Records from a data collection
□ □ □ □

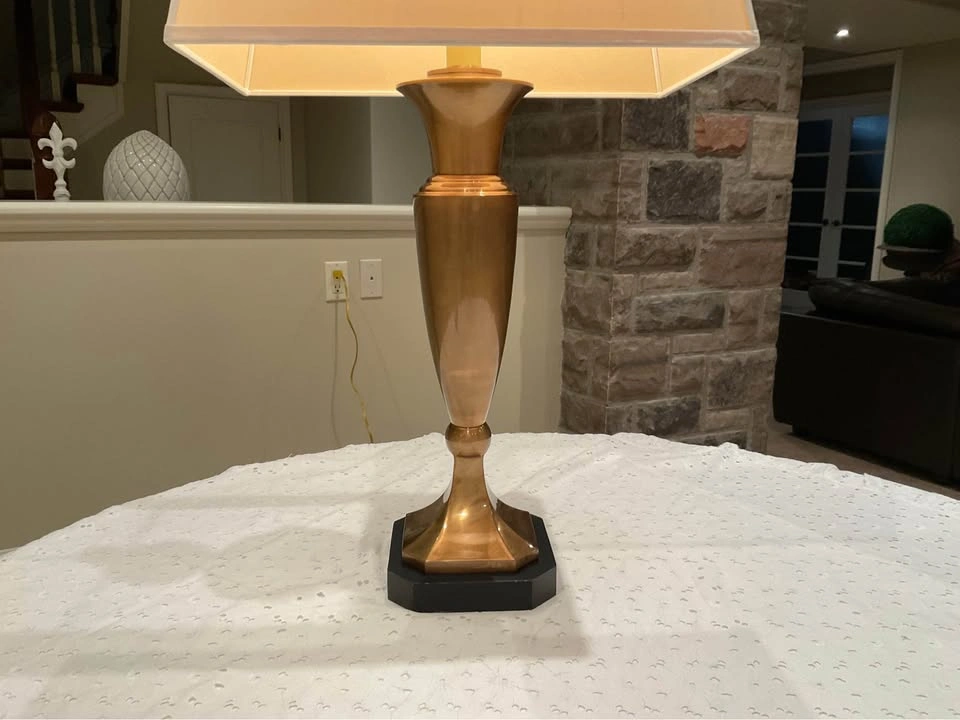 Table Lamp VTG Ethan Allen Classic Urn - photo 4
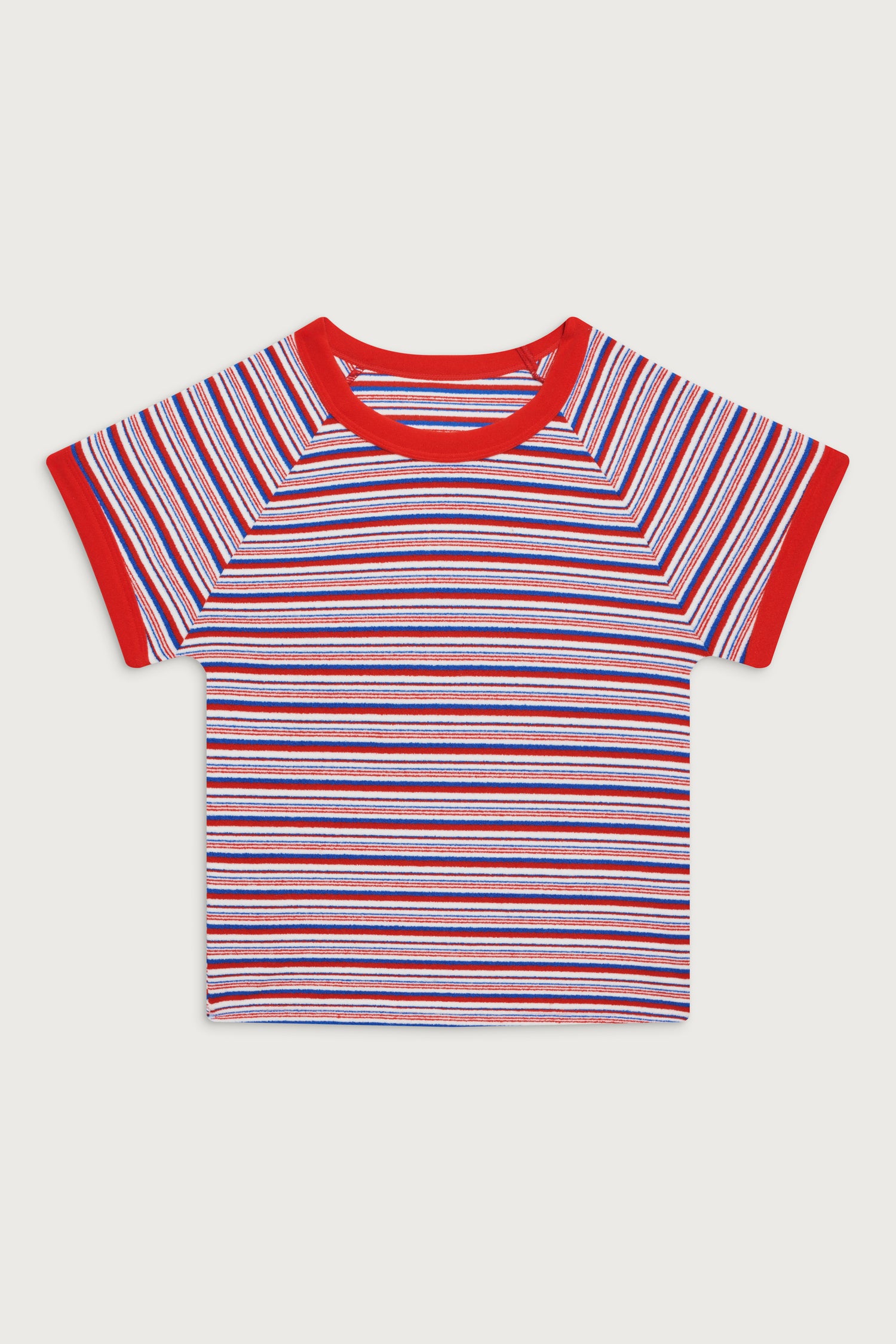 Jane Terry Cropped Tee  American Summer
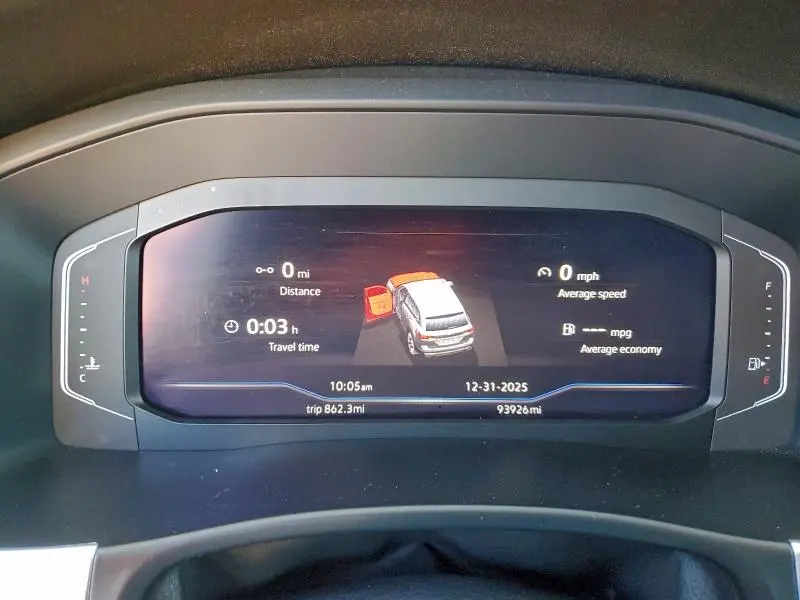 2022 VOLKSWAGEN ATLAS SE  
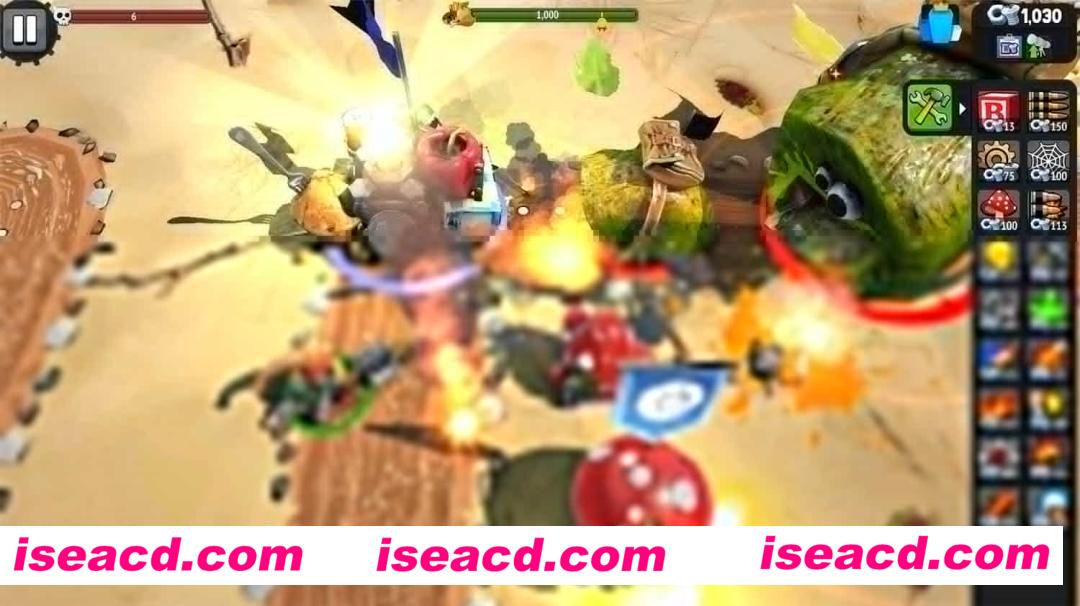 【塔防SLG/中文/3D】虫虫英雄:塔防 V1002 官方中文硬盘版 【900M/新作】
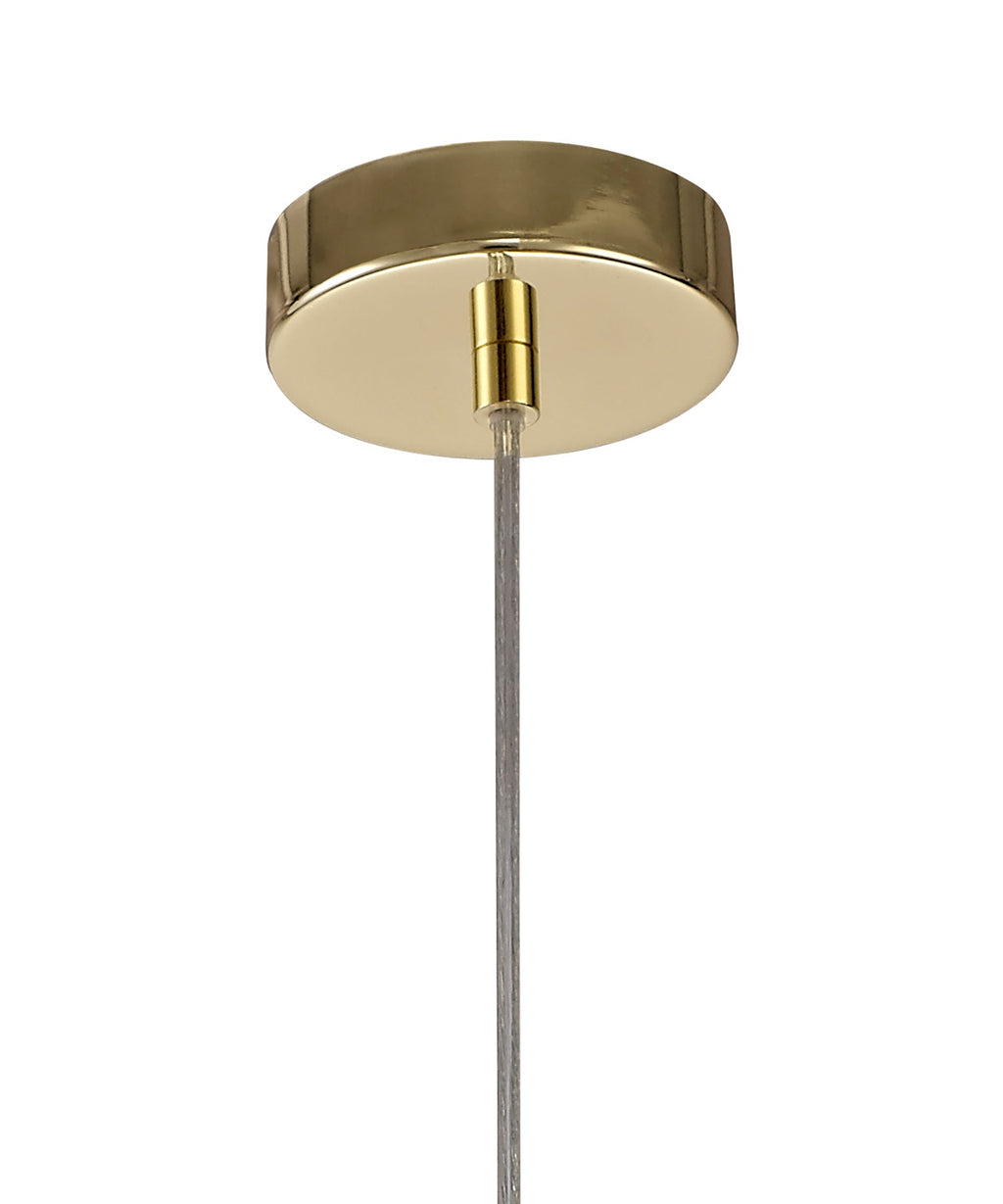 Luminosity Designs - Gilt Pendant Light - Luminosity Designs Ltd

□ □ □ □

Reproduce exactly the lines from the one containing "Jane Terry Cropped" through the last line of the records, both included, leaving out every picture.

 Jane Terry Cropped Tee  American Summer
 2022 VOLKSWAGEN ATLAS SE  
 【塔防SLG/中文/3D】虫虫英雄:塔防 V1002 官方中文硬盘版 【900M/新作】
 Luminosity Designs - Gilt Pendant Light - Luminosity Designs Ltd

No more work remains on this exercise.